The accident took place shortly after 7:30 P.M. on October 10. Plaintiff completed a [752]*752break and returned to his work in the sandblasting “shop,” which was at the end of Track One. A hopper car was in the shop for service. Other cars were on that track, outside the shop area. Plaintiff and two other employees were working inside the hopper car. Plaintiff was standing in one of the funnels, with his feet on the ground and his body inside the car. At this time the switching crew was trying to couple the other cars. DeHart was operating the engine and Mitán was acting as switchman, on the ground. They accidentally coupled the car in which plaintiff was working and it started to move with the rest of the train. Plaintiff fell through the funnel onto the track and his legs were severed as he tried to climb out from underneath. The jury could have found that DeHart and Mitán were negligent in coupling a car in which people were working, but they were employees of Railcar and more must be shown in order to support a claim of negligence against the defendant.

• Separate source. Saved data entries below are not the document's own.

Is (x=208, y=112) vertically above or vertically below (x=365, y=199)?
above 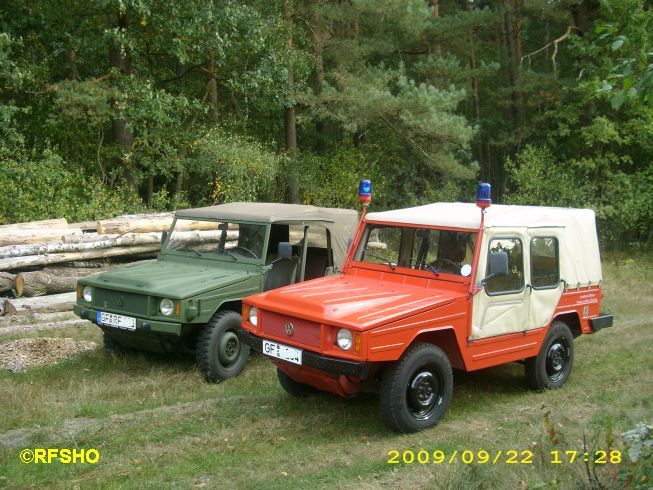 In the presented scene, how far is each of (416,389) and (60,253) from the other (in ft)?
27.8

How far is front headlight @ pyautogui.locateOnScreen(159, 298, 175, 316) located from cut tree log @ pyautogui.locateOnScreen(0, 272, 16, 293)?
17.7 feet

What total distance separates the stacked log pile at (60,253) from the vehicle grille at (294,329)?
6.04 m

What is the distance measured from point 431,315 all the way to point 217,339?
2.60m

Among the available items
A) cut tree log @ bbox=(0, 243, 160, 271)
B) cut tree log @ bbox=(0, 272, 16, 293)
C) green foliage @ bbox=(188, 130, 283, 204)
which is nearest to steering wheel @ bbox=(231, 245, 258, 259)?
cut tree log @ bbox=(0, 272, 16, 293)

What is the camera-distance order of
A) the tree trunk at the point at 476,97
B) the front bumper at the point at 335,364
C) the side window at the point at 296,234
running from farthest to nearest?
the tree trunk at the point at 476,97, the side window at the point at 296,234, the front bumper at the point at 335,364

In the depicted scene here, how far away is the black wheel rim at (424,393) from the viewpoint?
6109 millimetres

The plaintiff submitted two verdict directing instructions, Number 5, on a theory that DeHart and Mitán were agents of defendant, and Number 7, alleging that DeHart and Mitán were not competent to operate the switch engine and that Park was negligent in entrusting the engine to them. The jury gave no indication as to which theory of recovery it accepted, and so there is legal error unless both instructions are legally correct and supported by evidence.

I.

Instruction No. 5 reads as follows:

Your verdict must be for Herbert J. Fowler, Jr., against Defendant Park Corporation if you believe:
First, Michael DeHart and Joseph Mi-tan permitted the car in which Plaintiff was working to be coupled onto the line of railcars being moved by the 1968 switch engine, and
Second, that Michael DeHart and Joseph Mitán were acting within the scope and course of their agency for Park Corporation at the time they permitted the car in which Plaintiff was working to be coupled onto the line of railcars being moved by the 1968 switch engine, and
Third, Michael DeHart and Joseph Mi-tan were thereby negligent, and
Fourth, as a direct result of such negligence, Herbert J. Fowler, Jr., sustained damage.
Acts were within the scope and course of agency as that term is used in this Instruction if:
1) They were performed by Michael DeHart and Joseph Mitán to serve the interests of Park Corporation according to an express or implied agreement with Park Corporation, and
2) Park Corporation either controlled or had the right to control the physical conduct of Michael DeHart and Joseph Mitán.

Defendant complains that there is no evidence that DeHart and Mitán were acting for its benefit at the time of the accident, and no showing that it had any right of control over them.